The Scariest Thing About Product Marketing

In an AI-driven, layoff-crazy, profits-over-people type of world

Hey PMM. Or aspiring PMM.

If you’re reading this, it sure does feel pretty crazy out there. AI messaging has seemingly bullied its way into every corner of our lives. Layoffs are impacting thousands of people. We’re overloaded and stressed. And the quest for profits rages on.

We’re scared of losing our jobs. Or - for the unemployed - scared that we won’t find our next product marketing role.

It can be … a lot.

Scared Beavis And Butthead GIF by Paramount+

Beavis is me. I am Beavis.

The scariest thing in product marketing, to me, is how fast it can move.

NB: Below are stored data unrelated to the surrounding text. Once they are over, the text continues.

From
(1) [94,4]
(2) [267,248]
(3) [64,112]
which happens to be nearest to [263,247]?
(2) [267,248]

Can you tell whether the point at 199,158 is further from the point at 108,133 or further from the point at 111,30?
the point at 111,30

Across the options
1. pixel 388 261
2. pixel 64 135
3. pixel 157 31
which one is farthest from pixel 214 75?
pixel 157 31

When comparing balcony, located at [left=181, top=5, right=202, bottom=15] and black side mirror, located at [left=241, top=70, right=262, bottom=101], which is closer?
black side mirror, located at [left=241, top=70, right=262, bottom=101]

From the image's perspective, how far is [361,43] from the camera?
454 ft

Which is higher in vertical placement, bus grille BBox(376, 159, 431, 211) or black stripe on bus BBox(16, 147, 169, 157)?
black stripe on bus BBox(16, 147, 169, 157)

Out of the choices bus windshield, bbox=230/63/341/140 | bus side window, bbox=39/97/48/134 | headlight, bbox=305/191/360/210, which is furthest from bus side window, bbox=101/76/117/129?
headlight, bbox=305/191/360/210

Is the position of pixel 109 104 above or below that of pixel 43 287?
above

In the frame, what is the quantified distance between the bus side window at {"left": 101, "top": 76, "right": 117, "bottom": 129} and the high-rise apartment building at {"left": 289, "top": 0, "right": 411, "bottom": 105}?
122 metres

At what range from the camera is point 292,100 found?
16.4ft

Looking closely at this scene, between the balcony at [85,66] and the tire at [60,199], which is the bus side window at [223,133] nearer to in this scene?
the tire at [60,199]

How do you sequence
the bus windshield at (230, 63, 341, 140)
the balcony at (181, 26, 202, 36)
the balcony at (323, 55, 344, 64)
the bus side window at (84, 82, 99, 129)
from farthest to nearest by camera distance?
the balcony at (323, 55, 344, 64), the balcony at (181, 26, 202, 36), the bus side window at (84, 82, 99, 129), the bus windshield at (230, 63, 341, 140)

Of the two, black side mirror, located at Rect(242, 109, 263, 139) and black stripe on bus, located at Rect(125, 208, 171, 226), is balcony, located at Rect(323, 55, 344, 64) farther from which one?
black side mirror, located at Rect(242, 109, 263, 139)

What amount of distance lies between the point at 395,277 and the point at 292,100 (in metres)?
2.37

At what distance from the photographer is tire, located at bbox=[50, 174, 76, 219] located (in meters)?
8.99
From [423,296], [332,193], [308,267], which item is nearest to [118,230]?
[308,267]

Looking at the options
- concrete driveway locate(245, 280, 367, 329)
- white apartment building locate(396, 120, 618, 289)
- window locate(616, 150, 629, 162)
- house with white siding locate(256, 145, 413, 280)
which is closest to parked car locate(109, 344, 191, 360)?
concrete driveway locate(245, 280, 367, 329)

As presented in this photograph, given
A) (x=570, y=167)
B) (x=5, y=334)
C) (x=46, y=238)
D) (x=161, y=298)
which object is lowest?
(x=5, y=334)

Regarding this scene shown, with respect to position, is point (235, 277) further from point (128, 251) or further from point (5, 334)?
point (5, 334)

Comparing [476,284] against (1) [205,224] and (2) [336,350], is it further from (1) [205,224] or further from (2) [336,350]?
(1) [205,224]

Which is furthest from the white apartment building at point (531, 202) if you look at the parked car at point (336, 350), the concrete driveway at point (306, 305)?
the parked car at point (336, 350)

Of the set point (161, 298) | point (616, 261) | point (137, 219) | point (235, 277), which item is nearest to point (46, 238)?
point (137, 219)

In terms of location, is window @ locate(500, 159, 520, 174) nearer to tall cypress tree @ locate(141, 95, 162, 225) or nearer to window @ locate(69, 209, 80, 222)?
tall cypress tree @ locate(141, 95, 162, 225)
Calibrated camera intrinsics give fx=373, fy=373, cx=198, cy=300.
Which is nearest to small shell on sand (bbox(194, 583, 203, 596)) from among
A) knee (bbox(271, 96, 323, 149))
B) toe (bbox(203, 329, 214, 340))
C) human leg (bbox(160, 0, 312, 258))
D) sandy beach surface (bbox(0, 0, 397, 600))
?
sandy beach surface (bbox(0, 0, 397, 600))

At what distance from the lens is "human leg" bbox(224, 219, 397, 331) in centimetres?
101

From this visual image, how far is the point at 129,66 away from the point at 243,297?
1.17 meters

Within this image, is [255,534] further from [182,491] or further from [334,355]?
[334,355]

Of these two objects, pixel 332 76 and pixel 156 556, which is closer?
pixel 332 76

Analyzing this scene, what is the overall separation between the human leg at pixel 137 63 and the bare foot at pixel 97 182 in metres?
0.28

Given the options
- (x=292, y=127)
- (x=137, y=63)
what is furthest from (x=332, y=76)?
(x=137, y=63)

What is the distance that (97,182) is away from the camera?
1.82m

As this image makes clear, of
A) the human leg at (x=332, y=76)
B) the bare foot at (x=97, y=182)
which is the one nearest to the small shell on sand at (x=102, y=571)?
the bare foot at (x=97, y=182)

Two years ago I felt like I had a firm grip on the discipline. I felt like an expert, like I had enough practical experience and knowledge to be able to share it confidently with the world.

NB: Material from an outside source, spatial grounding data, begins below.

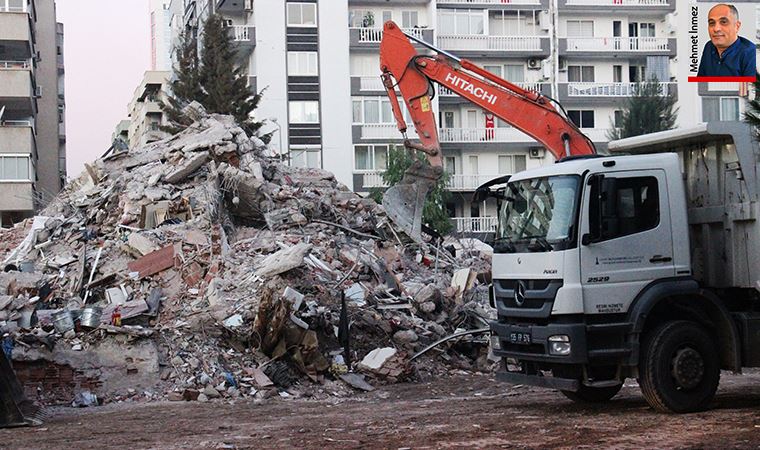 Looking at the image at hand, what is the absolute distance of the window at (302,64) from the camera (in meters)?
49.5

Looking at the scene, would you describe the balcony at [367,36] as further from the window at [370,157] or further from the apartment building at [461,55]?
the window at [370,157]

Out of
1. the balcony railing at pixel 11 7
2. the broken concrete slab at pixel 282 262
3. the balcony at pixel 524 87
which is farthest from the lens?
the balcony at pixel 524 87

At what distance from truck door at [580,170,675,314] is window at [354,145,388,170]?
37011mm

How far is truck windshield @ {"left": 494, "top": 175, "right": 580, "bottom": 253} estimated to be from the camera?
12734 mm

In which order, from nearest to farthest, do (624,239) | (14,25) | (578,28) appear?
1. (624,239)
2. (14,25)
3. (578,28)

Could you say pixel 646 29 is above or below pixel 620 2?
below

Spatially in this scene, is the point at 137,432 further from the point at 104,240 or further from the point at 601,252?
the point at 104,240

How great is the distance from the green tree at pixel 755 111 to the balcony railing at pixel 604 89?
1566 inches

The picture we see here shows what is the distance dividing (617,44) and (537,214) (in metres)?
41.2

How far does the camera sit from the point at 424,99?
76.6ft

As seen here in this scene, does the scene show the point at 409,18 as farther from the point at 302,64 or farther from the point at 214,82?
the point at 214,82

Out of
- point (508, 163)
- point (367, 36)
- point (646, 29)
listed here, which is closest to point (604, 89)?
point (646, 29)

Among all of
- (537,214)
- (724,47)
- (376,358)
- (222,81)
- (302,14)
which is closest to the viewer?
(537,214)

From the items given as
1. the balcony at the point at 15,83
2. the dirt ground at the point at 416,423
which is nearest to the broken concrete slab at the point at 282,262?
the dirt ground at the point at 416,423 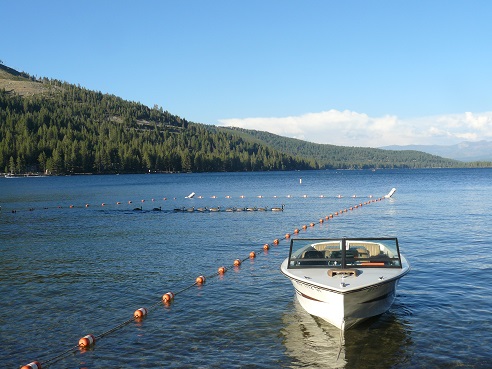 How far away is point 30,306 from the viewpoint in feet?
70.4

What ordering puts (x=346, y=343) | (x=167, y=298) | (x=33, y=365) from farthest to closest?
(x=167, y=298) → (x=346, y=343) → (x=33, y=365)

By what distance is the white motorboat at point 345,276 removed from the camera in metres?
16.4

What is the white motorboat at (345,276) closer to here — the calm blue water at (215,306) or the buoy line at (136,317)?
the calm blue water at (215,306)

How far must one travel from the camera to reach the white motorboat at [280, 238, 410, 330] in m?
16.4

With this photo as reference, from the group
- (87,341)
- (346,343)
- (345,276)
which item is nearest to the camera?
(346,343)

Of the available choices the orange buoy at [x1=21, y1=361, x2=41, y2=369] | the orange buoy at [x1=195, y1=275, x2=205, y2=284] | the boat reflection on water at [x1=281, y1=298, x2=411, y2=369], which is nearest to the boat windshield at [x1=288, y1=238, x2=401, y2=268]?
the boat reflection on water at [x1=281, y1=298, x2=411, y2=369]

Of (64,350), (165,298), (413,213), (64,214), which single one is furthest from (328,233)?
(64,214)

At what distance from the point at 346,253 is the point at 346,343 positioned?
400cm

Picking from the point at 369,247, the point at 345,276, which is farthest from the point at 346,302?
the point at 369,247

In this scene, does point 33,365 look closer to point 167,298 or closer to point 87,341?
point 87,341

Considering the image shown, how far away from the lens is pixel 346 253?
1955 cm

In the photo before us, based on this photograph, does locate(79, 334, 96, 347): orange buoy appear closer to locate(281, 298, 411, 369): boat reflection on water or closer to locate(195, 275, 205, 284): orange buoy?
locate(281, 298, 411, 369): boat reflection on water

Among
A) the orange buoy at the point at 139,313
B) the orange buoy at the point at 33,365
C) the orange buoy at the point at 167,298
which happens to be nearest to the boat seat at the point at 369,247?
the orange buoy at the point at 167,298

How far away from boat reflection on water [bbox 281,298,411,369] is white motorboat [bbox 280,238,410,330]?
1.57 ft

This year? I can barely string two thoughts together. I can barely complete a full launch.

Many factors can contribute to feeling out of control and behind on mastering our PMM domain.

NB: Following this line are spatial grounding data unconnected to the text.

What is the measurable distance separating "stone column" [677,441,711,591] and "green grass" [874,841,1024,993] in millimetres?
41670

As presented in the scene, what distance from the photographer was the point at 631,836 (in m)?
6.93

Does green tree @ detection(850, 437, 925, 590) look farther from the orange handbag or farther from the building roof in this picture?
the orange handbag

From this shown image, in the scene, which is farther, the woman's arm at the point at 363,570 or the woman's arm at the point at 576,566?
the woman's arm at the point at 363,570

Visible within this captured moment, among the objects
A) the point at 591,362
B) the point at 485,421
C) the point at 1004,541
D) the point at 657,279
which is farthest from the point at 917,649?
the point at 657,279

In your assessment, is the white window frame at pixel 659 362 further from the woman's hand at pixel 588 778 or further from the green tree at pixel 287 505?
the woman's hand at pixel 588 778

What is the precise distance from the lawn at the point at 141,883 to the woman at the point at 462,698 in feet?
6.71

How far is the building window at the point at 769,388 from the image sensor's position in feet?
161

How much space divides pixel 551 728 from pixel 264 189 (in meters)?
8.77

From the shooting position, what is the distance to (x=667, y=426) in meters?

  • Limited Support - When the pressure of such a cross-functional role goes up, the need for teamwork and collaboration does too. What happens when you’re on a small team or you’re the only PMM? 😨

  • No Resources - We’ve all been told to work lean. One of the scariest things about being a PMM is having no budget and no resources to tap into like training or enablement.

  • High Stress - When I’m stressed, I get sloppy. Just today I messed up and sent a deck to an analyst that had an extra slide in it that wasn’t supposed to be there. My emails start to have typos, my work looks unpolished. It’s pretty spooky.

The best thing I can do for myself during a particularly scary time in my career is breathe, slow down, and be mindful of my shortcomings (don’t get sloppy!).

Small things can be fixed.

I am capable and good at my job.

Dress Up Comic Con GIF by Paramount+

I’m clearly a genius.

Be kind to yourselves right now. I am making an effort to be kind to myself, to slow down a little bit, and to approach each challenge with more thoughtfulness instead of a manic need to conquer it.

I love what I do, and that’s not scary at all.